Monday, April 9, 2012

The Problem With Atlanta...



... is that it doesn't really want to be a city. It hasn't in decades and it has no sign of changing this attitude. For purely logistical and geographical reasons not of its own choosing, the status of a city was thrust upon it. Today, as I return, I see it continues, ever futher, to unravel.

The great disintegration perhaps began just after the civil rights movement as whites fled the city limits for tax havens and whites-only school districts in the suburbs. The newly independent status of Sandy Springs as its own city consumates the success of this process, which began long ago. Yes, the whites still drive to town because they also like making money and having jobs. Yet to a disturbingly large extent, they don't seem to care about most of the people who live elsewhere in the city, particularly if their skin is a darker color. They vote with their dollars and their feet and these things consistantly choose to keep train tracks and highways and distance in between their neighborhoods and black neighborhoods. Cheap gas prices in the 1980s and 1990s allowed a completely unsustainable, and absurd infastructre of roads, highways, interstates, perimeter interstates, strip malls and big box stores to develop and serve this idea, of seperate and thuroughly unequal Atlantas.

Now the gas prices are crashing it all down. Flight of any kind is difficult at $4 a gallon. MARTA planners struggle with decentralized and spread out population centers just as much as they do with budget shortfalls and operating costs. But no technocrat elected or otherwise will be able to wave a wand and solve the transportation- or any other problems- of this place. Not while people have their present mind set.

Because the present mindset is not that of citizens in a city thinking about how they ought to live and structure their affairs. The mindset is a blend of selfishness and apathy. Absurd monuments to unproductive wealth are constructed to house the well to do while the less well to do struggle along with dead end, low paying, and unfullfilling jobs, as well as completely inadequate education. The city does not look itself over in a mirror for blemishes in need of a remedy. It deliberately conceals its sepsis. It spends millions hosting the olympics. It builds the largest regional aquarium in the midst of a water famine. It plants grass, then burns fossil fuels to mow this grass. And then fertilizes the grass so it will grow faster. And it allows 65 year old men who have worked all their lives building the city to spend their golden years begging fellow riders on a late and broken down train for spare cash to help pay for their heart medicine.

Religious hyprocrisy of the most disgusting and abominable sort blares from the radio, news, and print. Emotional appeals to hate and condemn, wage war, punish, and imprision has completely taken the place of journalism, much less humanity. Lungs choke on idled engines. Teeth rot from Sweet Tea and Coca Cola. Humidity bears down oppressively soaking the skin, driving all away from public centers of gathering, citizens stumbling back for their own private air conditioning.

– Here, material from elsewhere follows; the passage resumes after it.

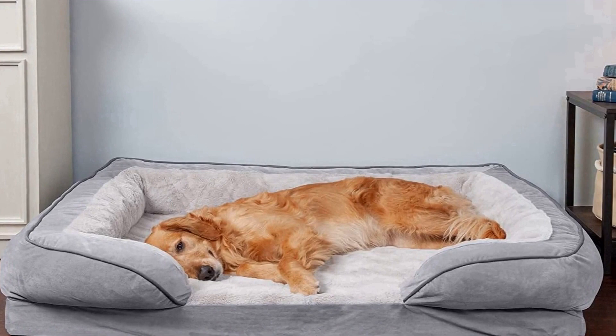Product details: Granite Gray, Jumbo — 40 inches by 32 inches by 9.5 inches, 4 inches foam. Sleep surface approximately 34.5 inches by 34.5 inches by 26.5 inches with a 16-inch opening. Available variants: the bed comes in Brownstone, Granite Gray, and Celadon Green. It is also available in Small, Medium, Large, Jumbo, and Jumbo Plus.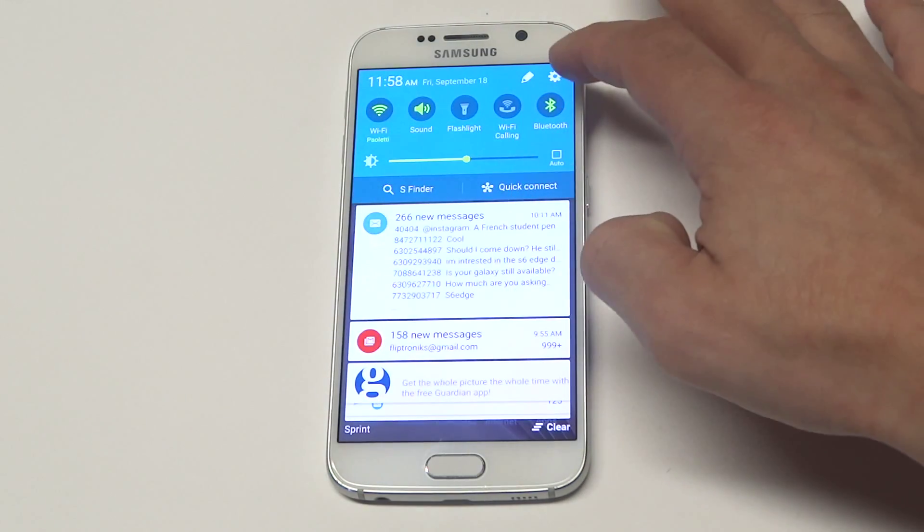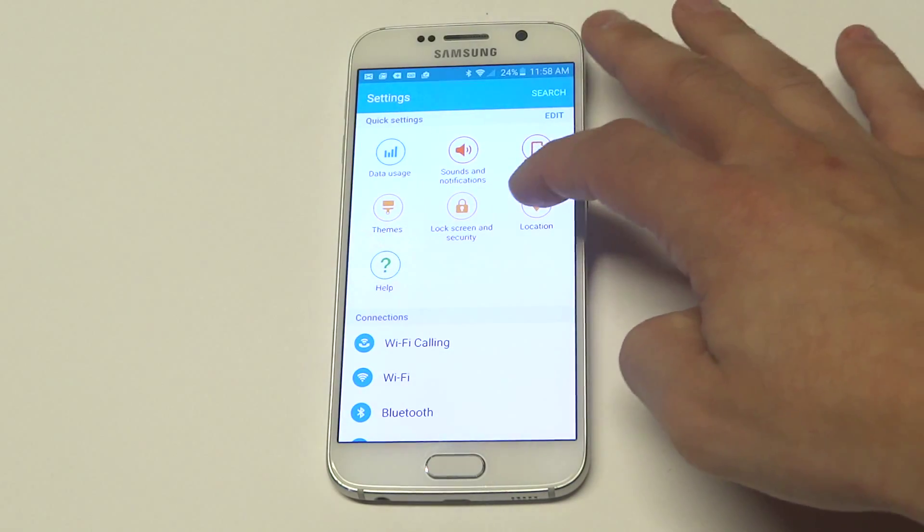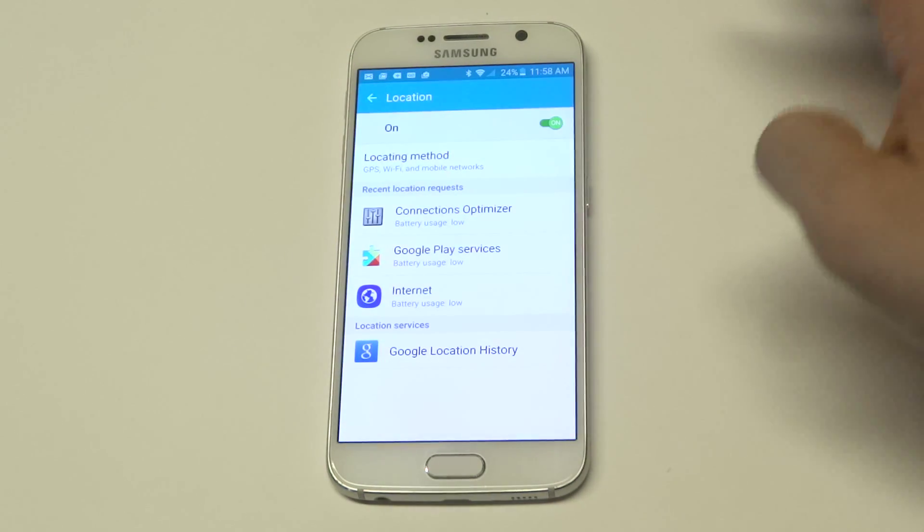What you want to do is go into the settings — you can do your quick settings — click on location, and just make sure it's turned on.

Until this changes, until enough people around here are able to stick their heads far enough above ground, over the oaks and poplars and pines and past the smokey haze of ozone and carbon monoxide, beyond the reach of the hate preachers and the flag wavers the billboards, liqour stores, cigarettes, and overpasses, until people voluntarily drag themselves from their private suburban asylums and reach this lofty height and see, yes, we are all one city... until they are convinced that it is a good idea to actually go to one another's neighborhoods and learn for themselves what problems, needs, talents, and resources, actually exist there... Atlanta will in all its glory, continue to burn.

1 comment:

  1. It is enough to drive any thinking mind mad, and indeed, it has and it does still. The accredited in search of money and a few pie crumbs of their own to gather about themsleves continue to arrive, and thrive, in this babylon. The intellectually principled and existentially minded, to a large extent, withdraw their presence. After all, withdrawing one's presence in the face of a difficult or uncomfortable reality is exactly what their parents did 30 years ago. Its in their blood. And after all, what sane or equitable mind could ever expect to prosper in such a culture? Withdrawal becomes a rational decision. The brain drain continues unabated.